1

I want to use RandomForestClassifier for sentiment classification. The x contains data in string text, so I used LabelEncoder to convert strings. Y contains data in numbers. And my code is this:

import pandas as pd
import numpy as np
from sklearn.model_selection import *
from sklearn.ensemble import *
from sklearn import *
from sklearn.preprocessing.label import LabelEncoder

data = pd.read_csv('data.csv')

x = data['Reviews']
y = data['Ratings']

le = LabelEncoder()
x_encoded = le.fit_transform(x)

x_train, x_test, y_train, y_test = train_test_split(x_encoded,y, test_size = 0.2)
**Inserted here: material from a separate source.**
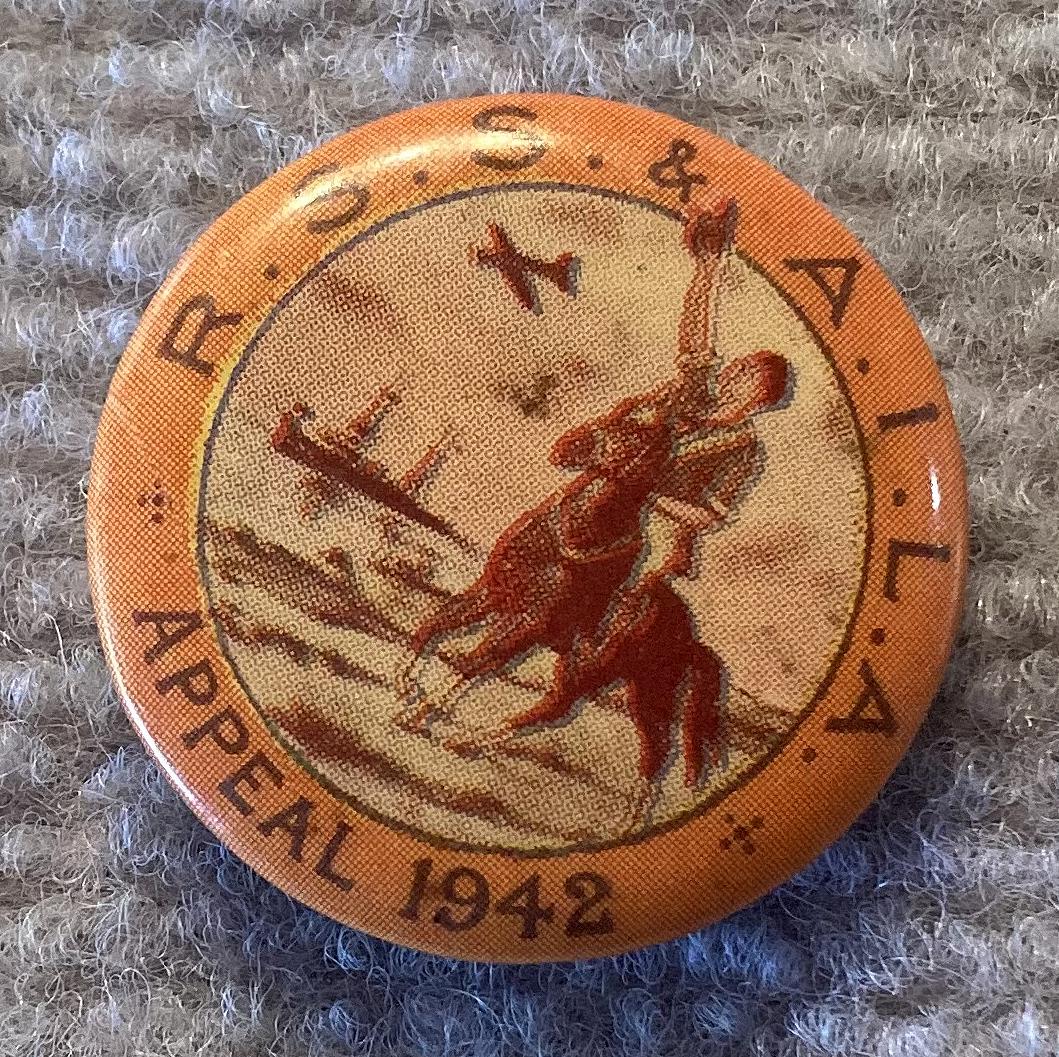 Other angled view of R.S.S. & A.I.L.A. fundraising badge/button - 1942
x_train = x_train.reshape(-1,1)
x_test = x_test.reshape(-1,1)

clf = RandomForestClassifier(n_estimators=100)

clf.fit(x_train, y_train)

y_pred = clf.predict(x_test)

Then I printed out the accuracy like below:

print("Accuracy:", metrics.accuracy_score(y_test, y_pred))

And here's the output:

Accuracy: 0.5975

I have read that Random forests has high accuracy, because of the number of decision trees participating in the process. But I think that the accuracy is much lower than it should be. I have looked for some similar questions on Stack Overflow, but I couldn't find a solution for my problem.

Is there any problem in my code using Random Forest library? Or is there any exceptions of cases when using Random forest?

deponovo
  • 1,114
  • 7
  • 23
Hally
  • 81
  • 8
  • 1
    you should focus on preprocessing `reviews` column – Prakash Dahal Jan 12 '22 at 07:10
  • sklearn doc for [`LabelEncoder`](https://scikit-learn.org/stable/modules/generated/sklearn.preprocessing.LabelEncoder.html) mentions: *"This transformer should be used to encode target values, i.e. y, and not the input X"*. You should familiarize yourself with text representation methods if you want to train decent models for text data. Btw if you look at the features after encoding you will understand the problem. – Erwan Jan 12 '22 at 16:50

1 Answers1

3

It is not a problem regarding Random Forests or the library, it is rather a problem how you transform your text input into a feature or feature vector.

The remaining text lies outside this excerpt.